## DATASET SECTION
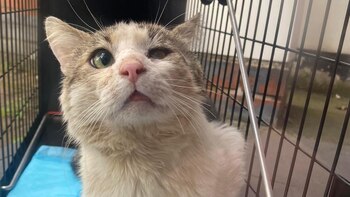 Herbie encontró un hogar después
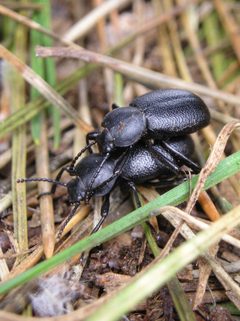 Eleodes parvicollis by no rights reserved, uploaded by Andy Kleinhesselink. Used under a CC0 license.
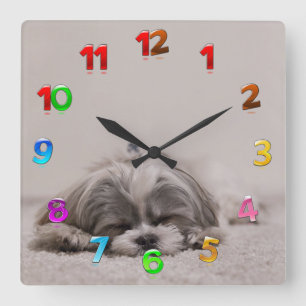 Carrée Horloge de tzu de sommeil Shih, chien de sommeil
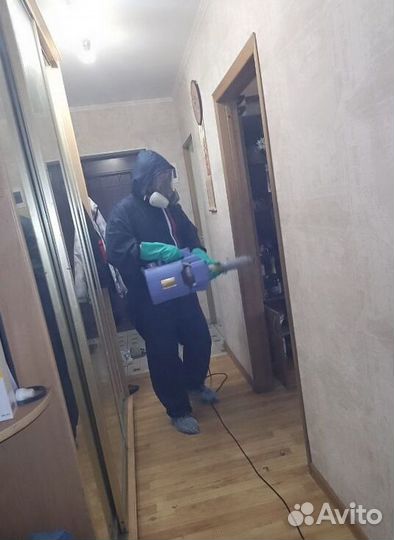 Средство для Уничтожения клопов травля тараканов дезинфекции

## TASK ITEM
Repeat the material above verbatim, with no pictures in the output.

## YOUR SOLUTION
 Herbie encontró un hogar después
 Eleodes parvicollis by no rights reserved, uploaded by Andy Kleinhesselink. Used under a CC0 license.
 Carrée Horloge de tzu de sommeil Shih, chien de sommeil
 Средство для Уничтожения клопов травля тараканов дезинфекции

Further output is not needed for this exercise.